Publicado em A Folha de São Paulo, 06/05/1989
Assegurar direitos e barrar violências
A PERGUNTA DA FOLHA
VOCÊ APÓIA A DECISÃO DO PRESIDENTE SARNEY DE ESTABELECER REGRAS PARA O EXERCÍCIO DO DIREITO DE GREVE?
Em boa hora o presidente da República decidiu estabelecer alguns limites para o exercício do direito de greve por parte dos trabalhadores e de seus sindicatos. O país marchava para o caos: só na "Nova República" foram mais de 7.500 greves.
Nestes 4 meses de 1989 tivemos quase mil greves e, com isso, perdemos mais de 30 milhões de jornadas de trabalho! Se a crise é grave trabalhando, o que será se pararmos de trabalhar?
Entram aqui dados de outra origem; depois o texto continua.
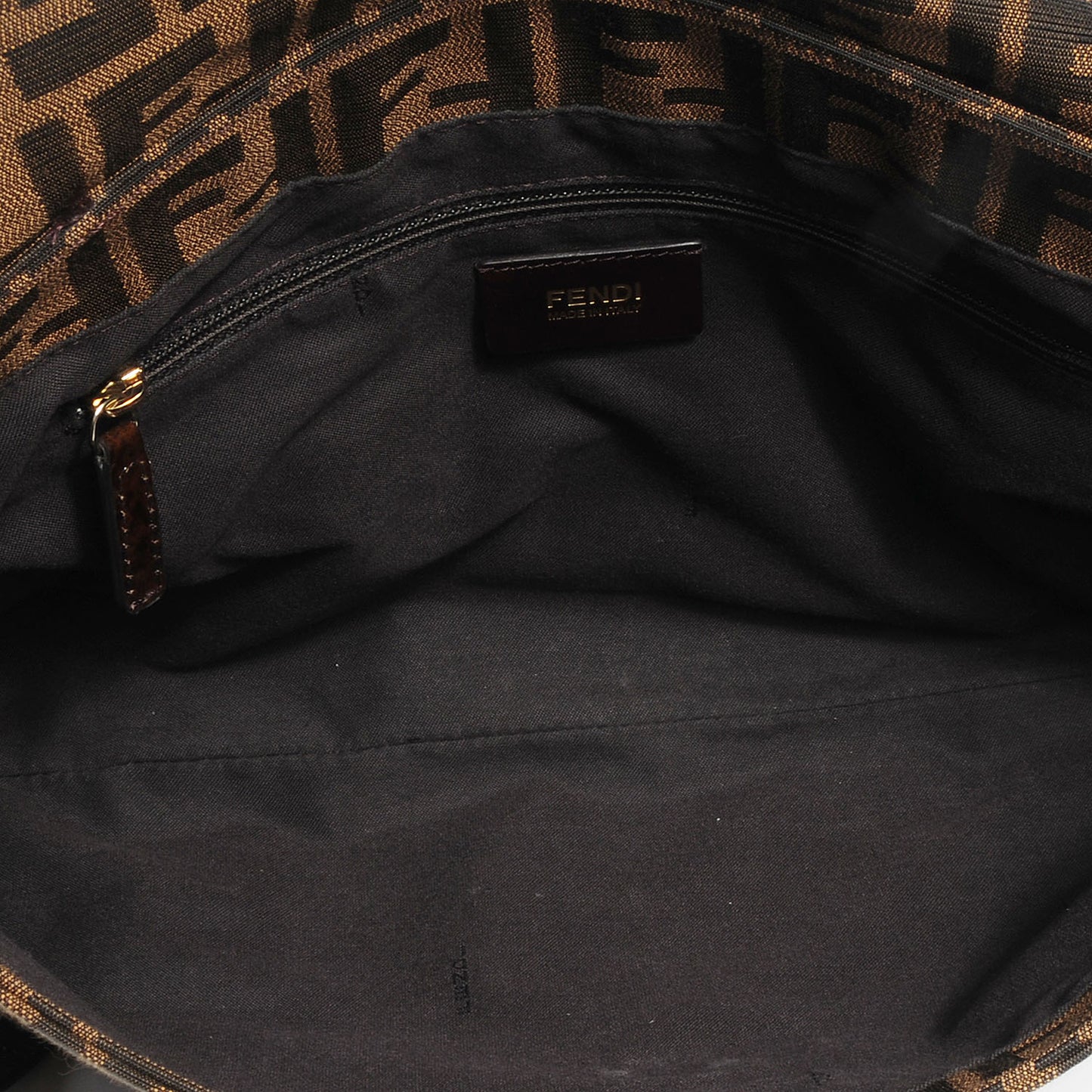 Zucca Patent Large Mia Shoulder Flap Tobacco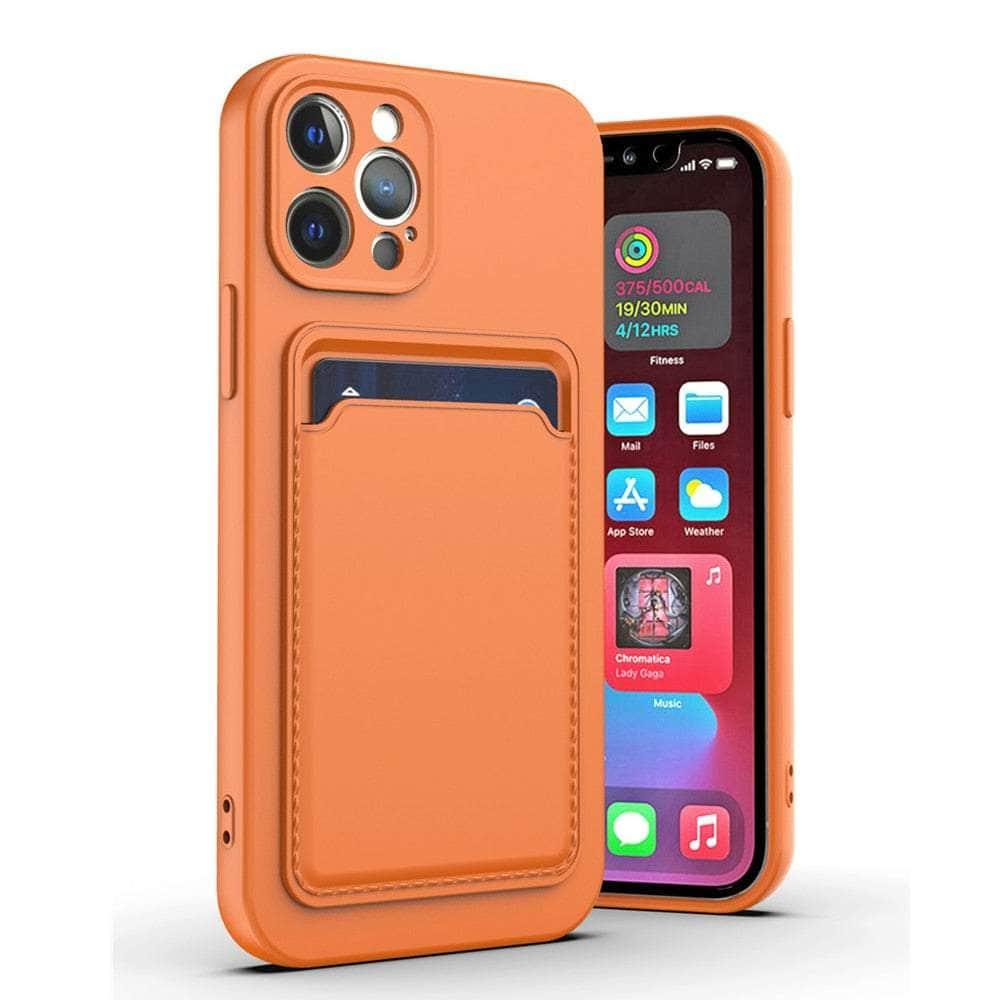 Casebuddy for iPhone 14 / Orange Liquid Silicone iPhone 14 Wallet Case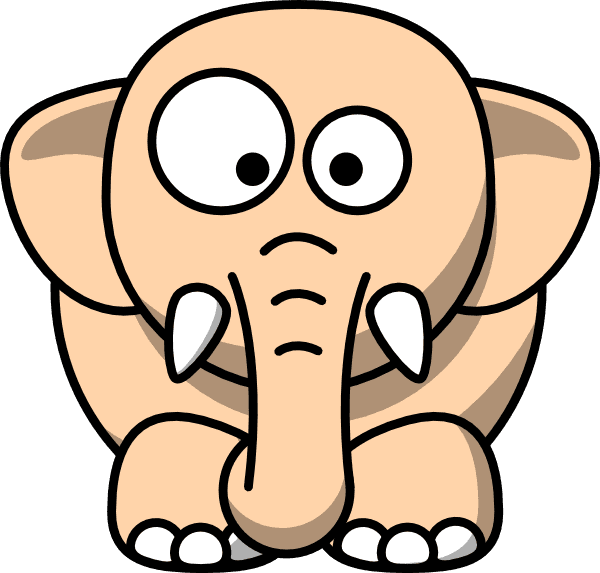 Baby Elephant Yellow Clip Art - Black And White Clipart Animals - Transparent PNG Free Download | PNGio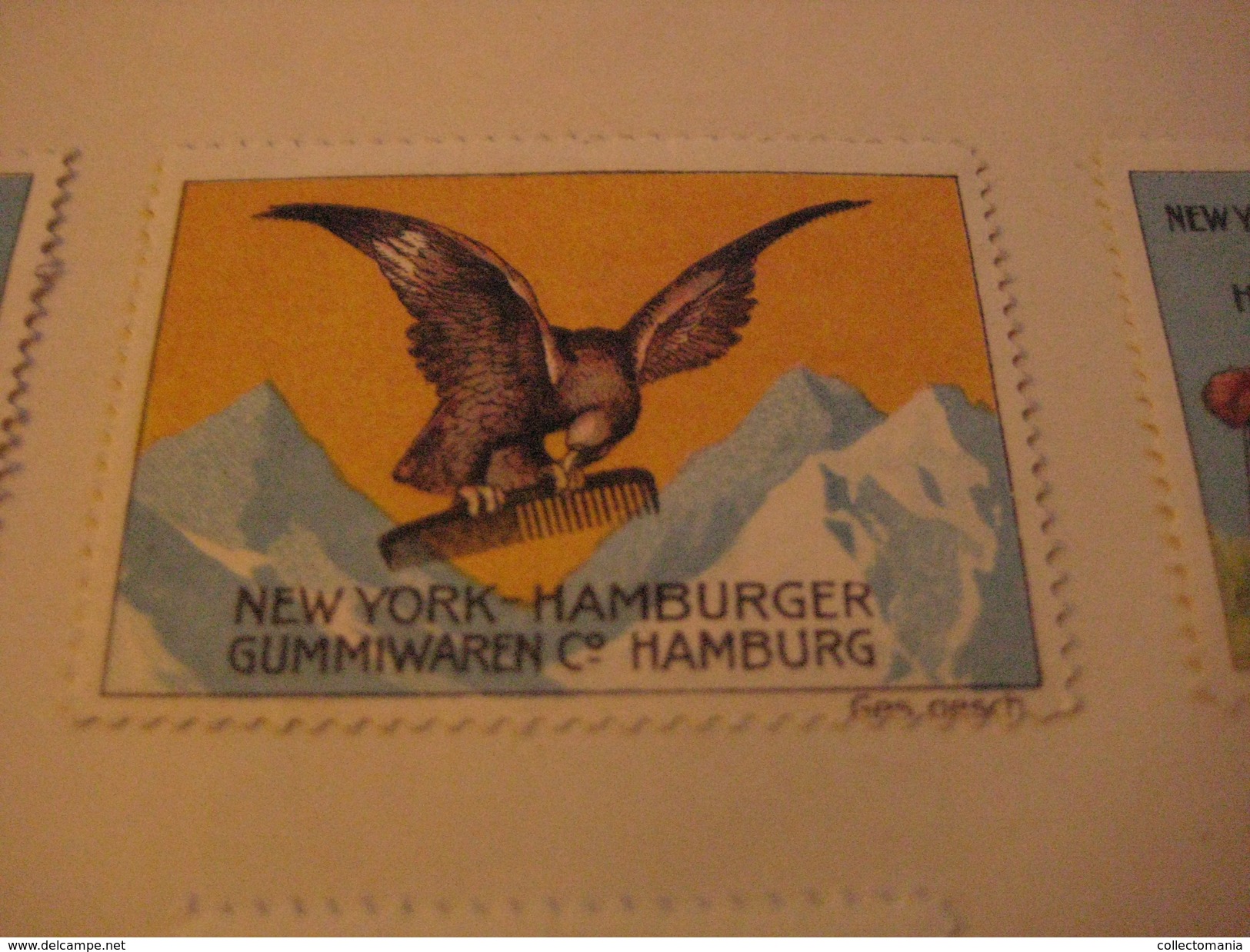 4 Poster Stamp Advertising Litho New York Hamburger GUMMIwaren ADLER KAME Käme Eagle Arend   ART - Erinnophilie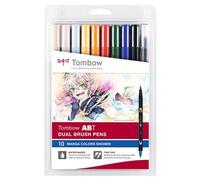 Tombow AB-10C-MANGA 1 Kit de 10 feutres pinceau à double pointes Shonen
Além dessa explosão quantitativa, o Brasil tem experimentado uma escalada da violência nos movimentos sindicais. No pressuposto de se exercer o direito de greve, inúmeros outros direitos vinham sendo frontalmente violados. As últimas seis semanas foram marcadas pela depredação generalizada de ônibus urbanos por ocasião da greve geral, a ocupação selvagem da Mannesmann, a derrubada da torre de alta tensão da Cemig, o desabastecimento de água de Curitiba devido ao desligamento da energia elétrica provocado pelos grevistas da Copel, o comprometimento dos fornos da Philips devido ao impedimento da entrada de nitrogênio, o estouro da bomba na agência do Bradesco em Recife e tantos outros atos lamentáveis de vandalismo que não podem ser justificados em um país que pretende ser democrático.
É comum ouvir-se de alguns dirigentes sindicais extremados que maior violência é o aviltamento salarial que atinge a grande maioria dos assalariados brasileiros. Sem dúvida. Ninguém pode ignorar a acelerada deterioração do poder aquisitivo dos trabalhadores brasileiros. Estamos chegando nos limites do tolerável e, se nada for feito, o caos social poderá dominar o Brasil.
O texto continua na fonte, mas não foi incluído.